Even U.S.-Pakistani relations – which were at a nadir in 2011 because of a CIA contractor killing two Pakistanis, the bin Laden raid and the death of some two dozen Pakistani soldiers during a NATO airstrike – are gingerly improving. Pakistan has recently reopened the ground routes for NATO supplies to cross Pakistan into Afghanistan, which were closed for months to protest the deaths of the Pakistani soldiers during the NATO airstrike.

Tellingly, Pakistan has never even threatened to close the crucial air corridor across Pakistan that allows U.S. and NATO aircraft to fly into Afghanistan. One can get a sense of how important this air corridor is from the fact that Kandahar Air Field near the Pakistan border in southern Afghanistan is reported to have the busiest runway in the world with some 700 flights landing or taking off there every day.

The present government is the first civilian government in Pakistani history that is poised to complete its full term of office sometime this year or early next year – depending on when the next election is called – without being overturned by a military coup or dismissed in some back room deal.

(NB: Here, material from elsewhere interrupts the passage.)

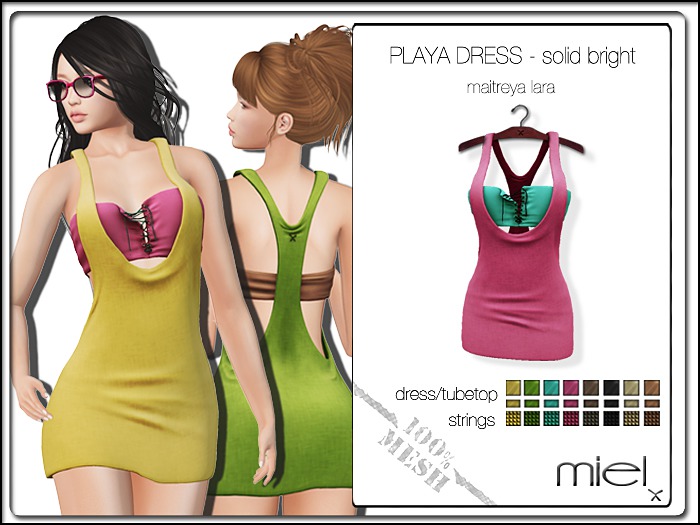MIEL PLAYA DRESS - solid bright (FITTED MESH)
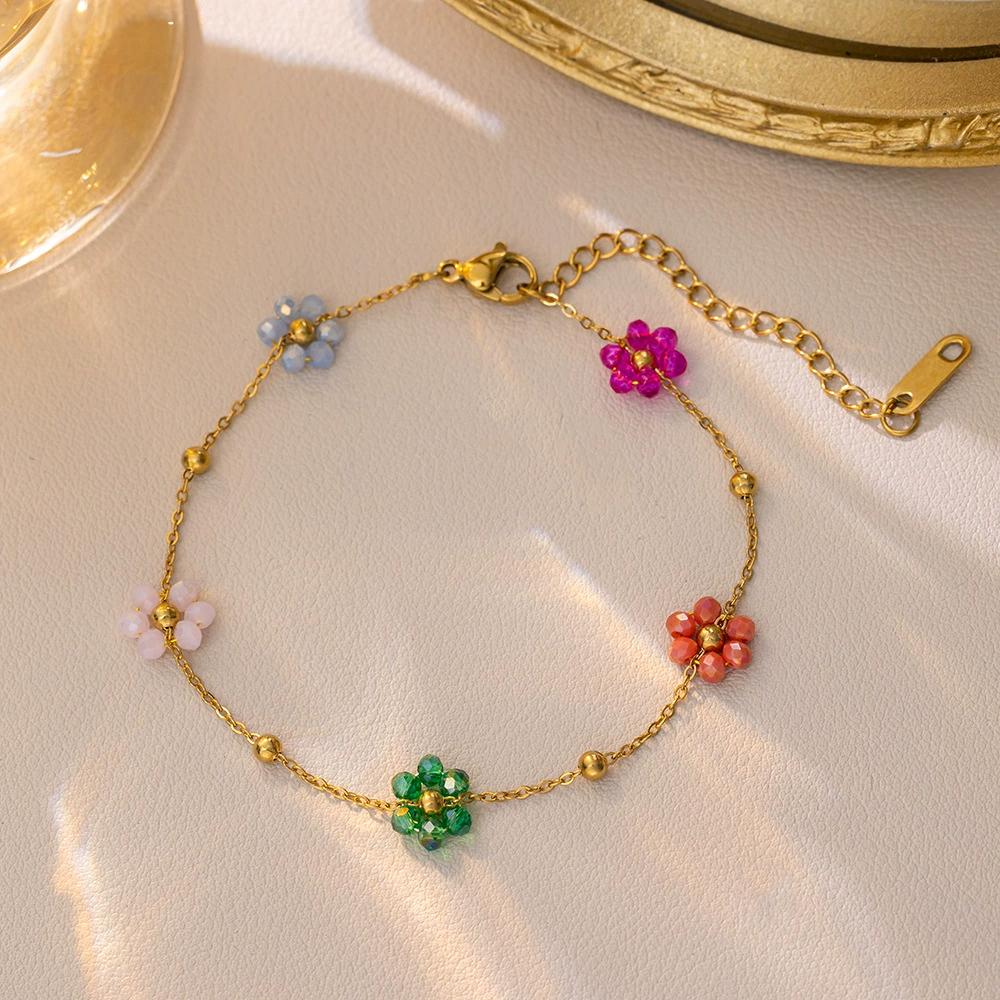Htpwe Colorful Flower Chain Stainless Steel Necklace Bracelet Set Plating Waterproof Zircon For Ins Exquisite Zircon
Htpwe Colorful Flower Chain Stainless Steel Necklace Bracelet Set Plating Waterproof Zircon For Ins Exquisite Zircon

And the military, which has seized power four times in the past six and half decades, has shown no interest in doing so again for the foreseeable future.

The lengthy debate in Pakistan’s parliament that was completed in April about whether Pakistan should allow the United States to use armed CIA drones on its territory is a welcome intrusion of Pakistan’s civilian officials into the national security arena long monopolized by the military. The parliament called for the end of any U.S. drone strikes.

Despite the visibility of the hardline religious parties on the streets of Pakistan, in the voting booth, these parties have recently fared very poorly. A coalition of pro-Taliban religious parties known as the MMA secured control of two of Pakistan’s four provinces in an election in 2002 and 11% of the votes to the National Assembly. But the MMA garnered only a piddling 2% of the vote in the 2008 election.

And where Pakistan’s national interests are at stake, the military is aggressive against the Taliban.

As the Taliban marched three years ago as close as 60 miles to Islamabad, the army launched major military operations in the northern region of Swat and the western area of South Waziristan to end the Taliban’s control of these areas. Pakistani officials are swift to point out, correctly, that as a result, more Pakistani soldiers have died fighting the Taliban than the servicemen of the U.S. and other NATO countries combined.

Pakistan has a myriad of well-known problems, but it also has some residual strengths that often get obscured by rhetoric about the “world’s most dangerous country.”

Pakistan is no North Korea, and if Pakistanis really got a grip on their own problems, rather than too often resorting to blaming the United States or India for their ills, Pakistan might begin to look more like Turkey than Bangladesh.

One good start along this path would be for the government to privatize Pakistan International Airways and the country’s steel mills, which hemorrhage public money and perform quite poorly. But this would require real political leadership, something that is in short supply in Pakistan.

While Pakistan’s institutions are slowly maturing, its political class remains largely moribund.